Atrasas-te. Desces as escadas a correr, ligas o motor, tu não podes morrer: apressa-se o pensamento, precipita-se contra o tempo e incendeia-se em dor. Foges. Rompes a madrugada fria, rasgas o vento, livras-te do sentimento, e aceleras. Vapor de água, névoa gelada, que se agarra e te transforma num nada que evapora: e te cega. Piloto automático. Depressa! O relógio não pára! Desvia, atalha, decifra. Esquece.
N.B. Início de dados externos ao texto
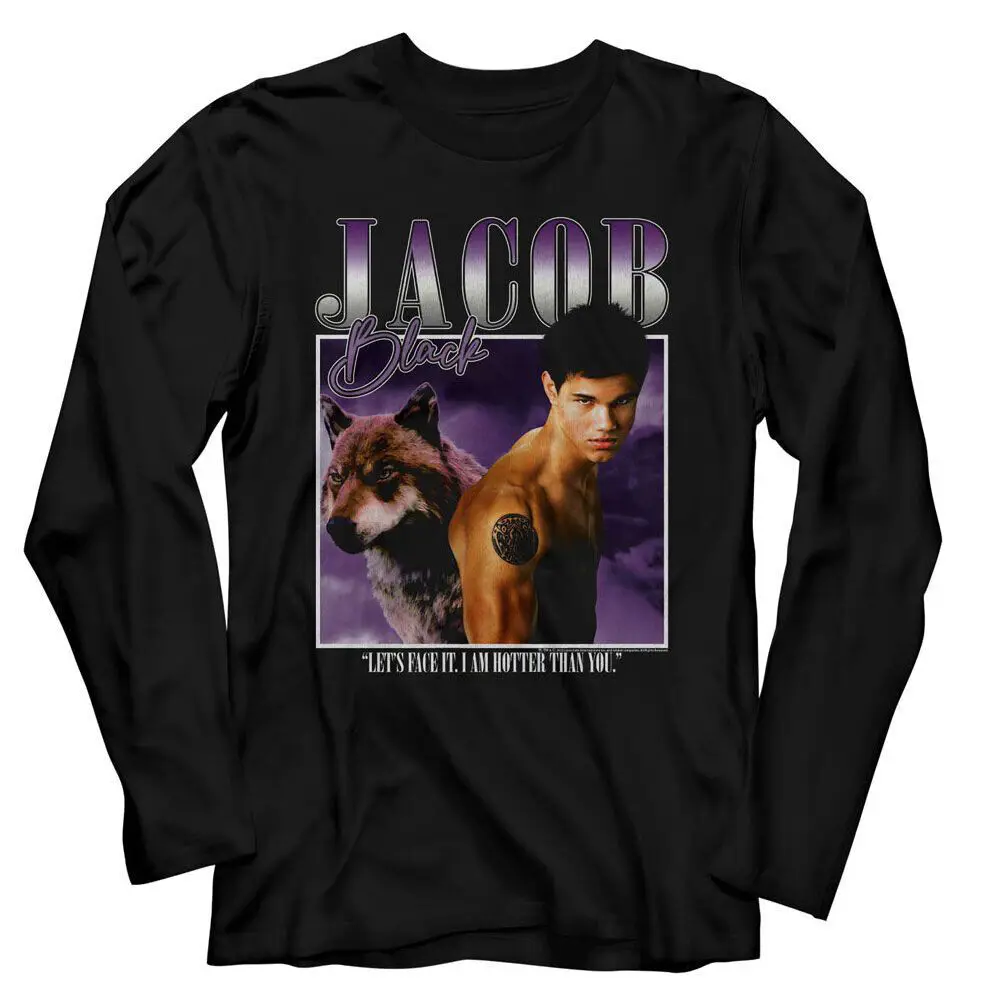 Men's Twilight Twilight Two Images Jacob Long Sleeve X-Large Black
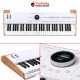 คีย์บอร์ดไฟฟ้า Arturia AstroLab สี White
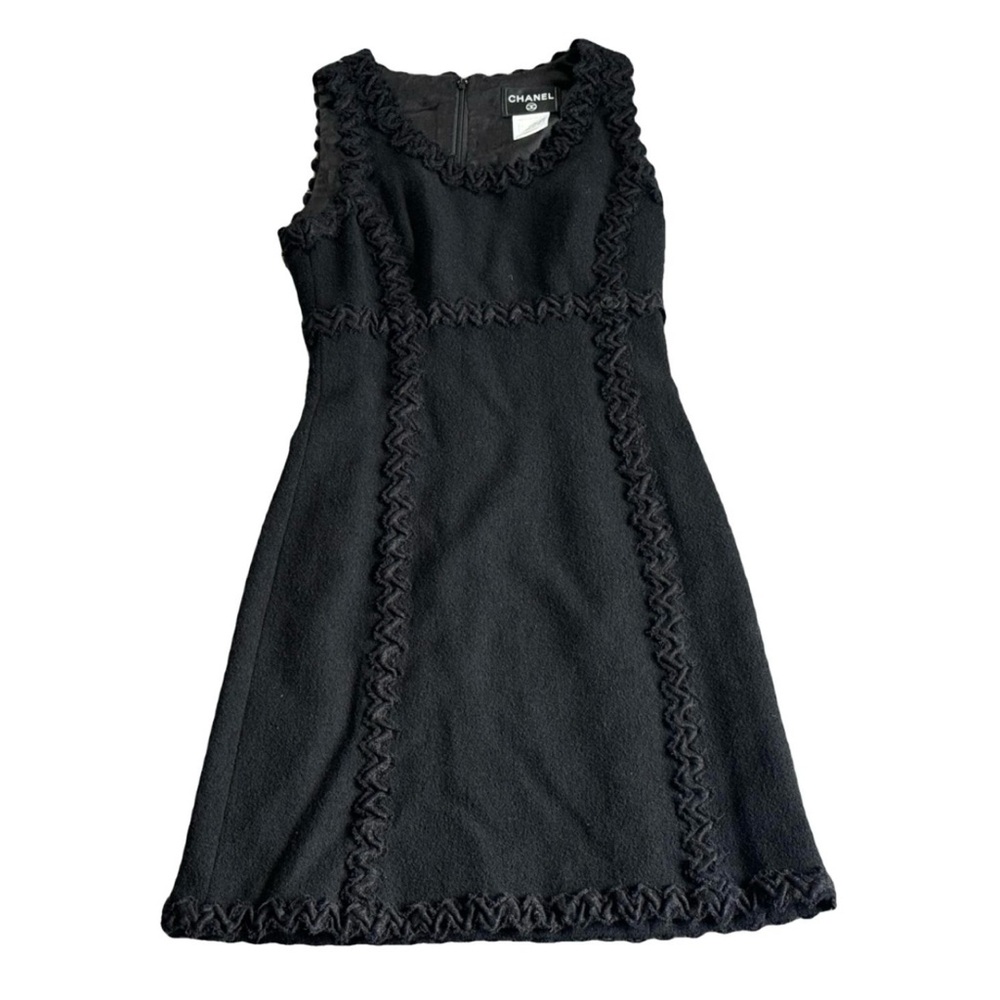 CHANEL Black Textured Fabric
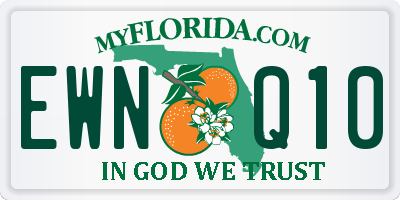 FL license plate EWNQ10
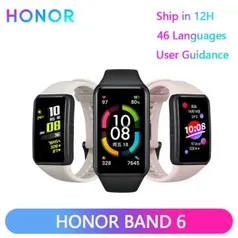 [Primeira Compra] Smartband Huawei Honor Band 6 - Versão Chinesa | R$159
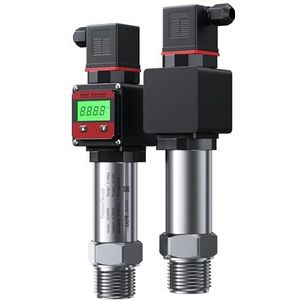 Hydrostatische druksensor met lcd-display, DC24V, 0-100 bar, 0-200 bar, 0-600 bar, 4-20 mA 0-10 V, 0-5 V, G1/4 zender, digitale druksensor (4-20 mA output, 0-100bar)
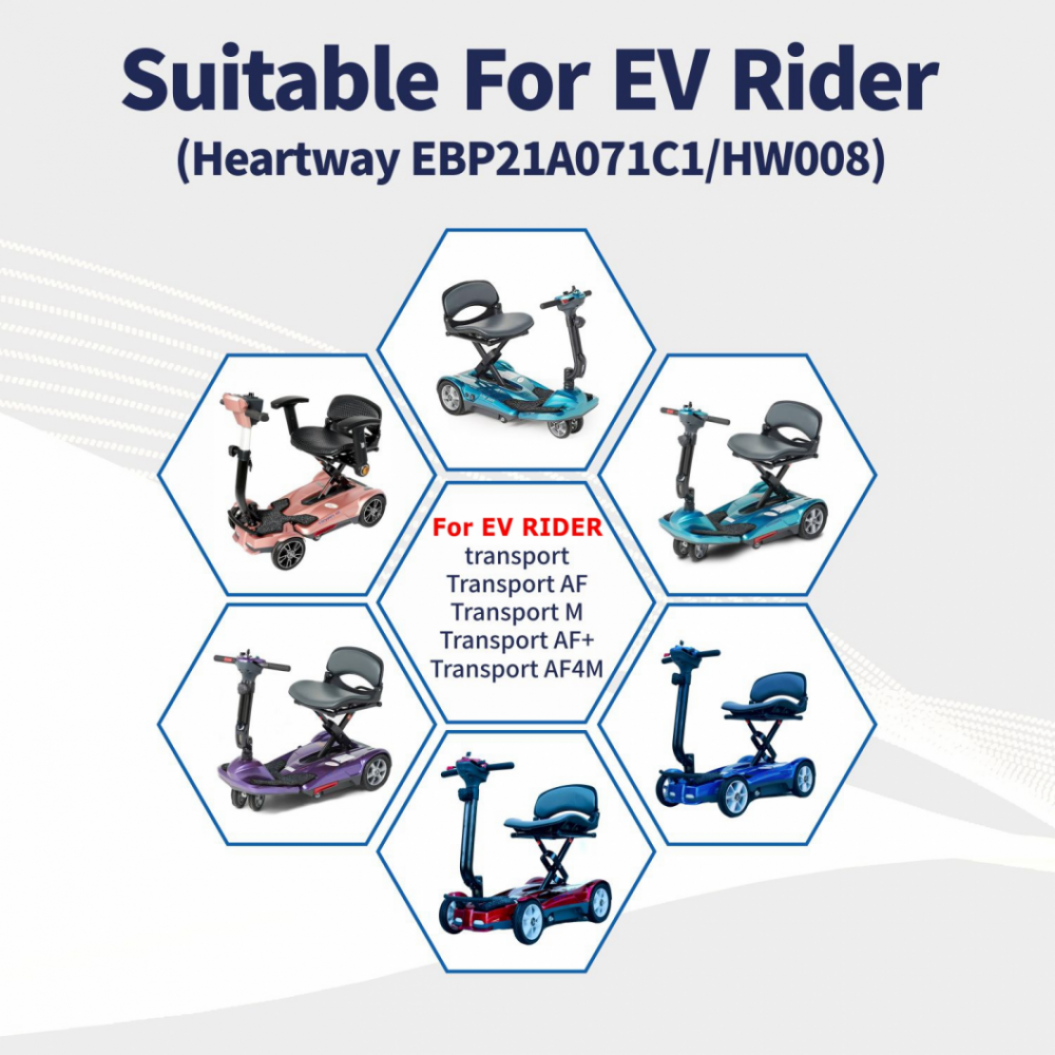 KEEPBATT 25.2V 12Ah Replacement Battery For EV Rider TranSport M HEARTWAY EBP21A071C1 Battery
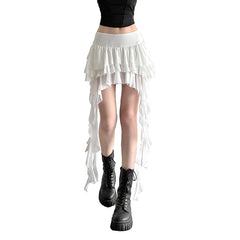 Pure Hot Girl High Waist All-matching Irregular Skirt - kinko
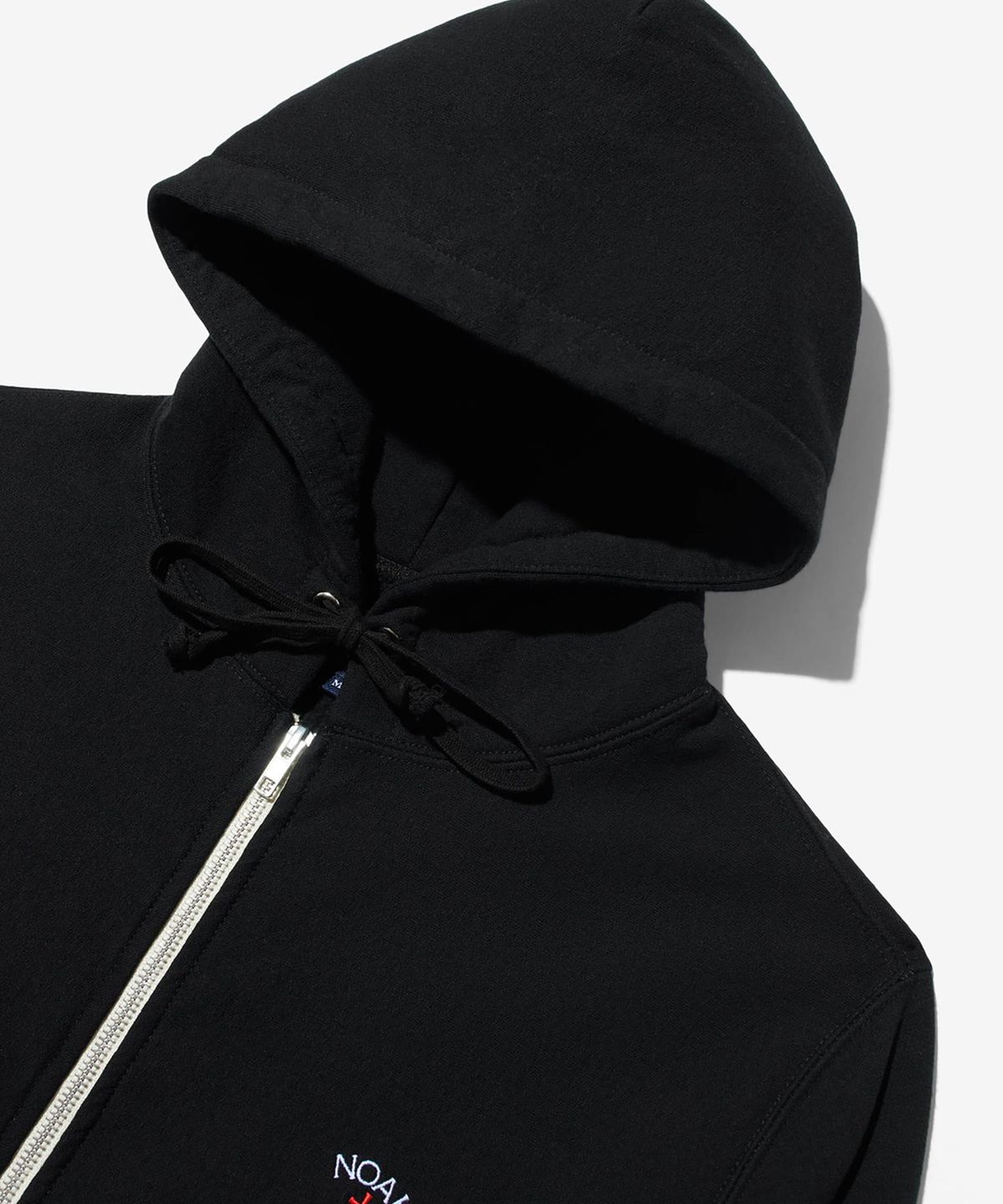노아(NOAH) (U) 클래식 라이트웨이트 집업 후디 블랙 CLASSIC LIGHTWEIGHT ZIP-UP HOODIE BLACK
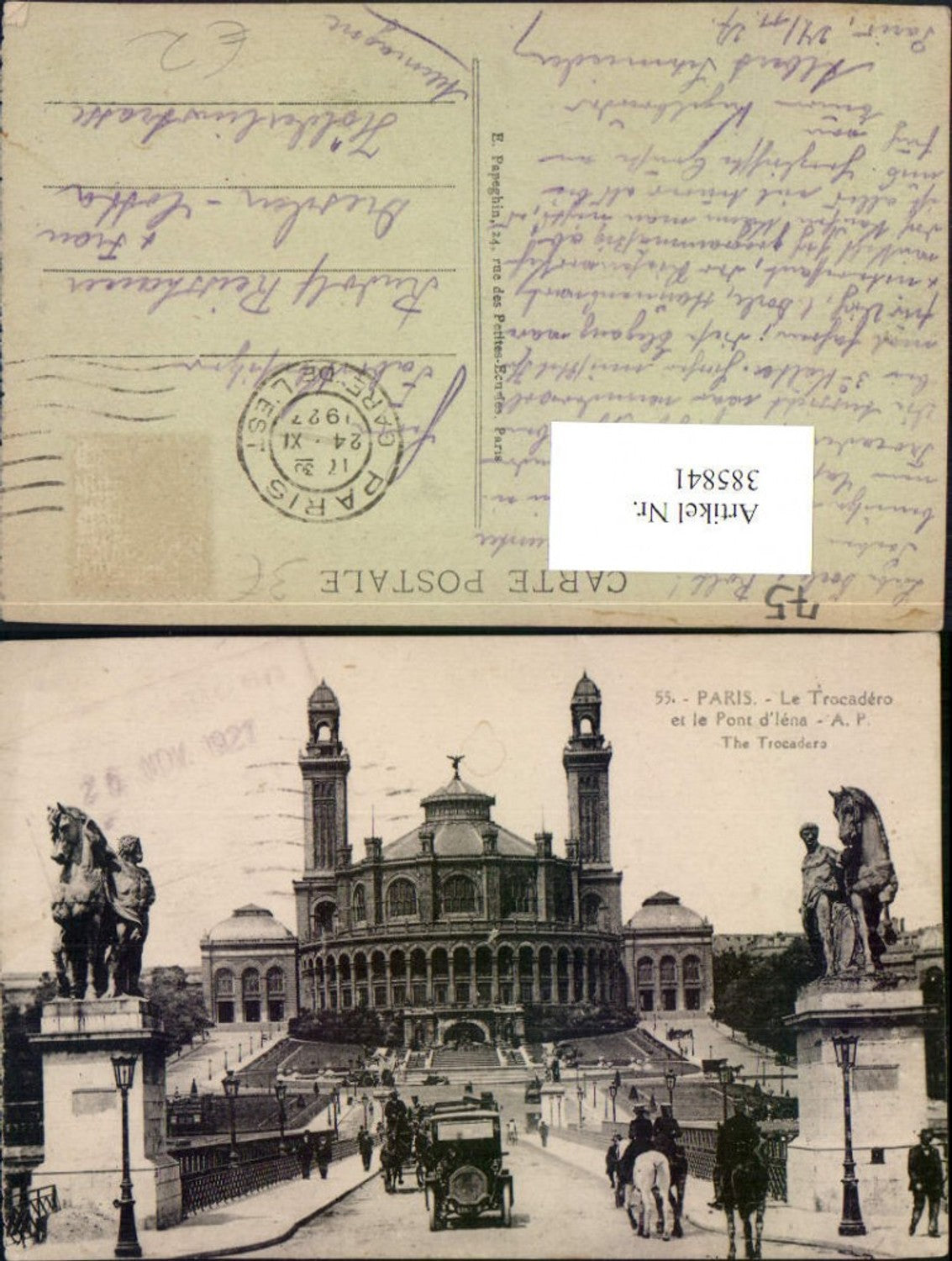 385841,Ile-de-France Paris Le Trocadero et le Pont d'Iena Gebäude Brücke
Olha para o melro afoito, imponderado, coitado, que plana sob o embalo dessa brisa que flagelas comiserado, olha como finta o teu olhar vidrado, adormecido em sonhos afortunados, e tudo em ti vira criança e esperança. Olha como a curva se desfaz e se estende, em gritos de chapa, pânico de gente, nesse alvoroço em que embarcas clemente, confiante de que mergulhas nos olhos verdes que procuras, esses feitos de estrelas que impedem a noite de ser crua, e onde te deixas ficar: aninhada e segura, sob esse telhado de infinitude celeste, onde a solidão não se veste de prece: onde a tua casa são os olhos verdes que não te abandonam, os que ficam, os que te assombram, os que protegem e mantêm vivos, os sonhos que julgavas perdidos. Esses olhos verdes que cuidam, mas não compreendem. Estilhaços, éter, trovoada, e apenas mais uma madrugada. E silêncio.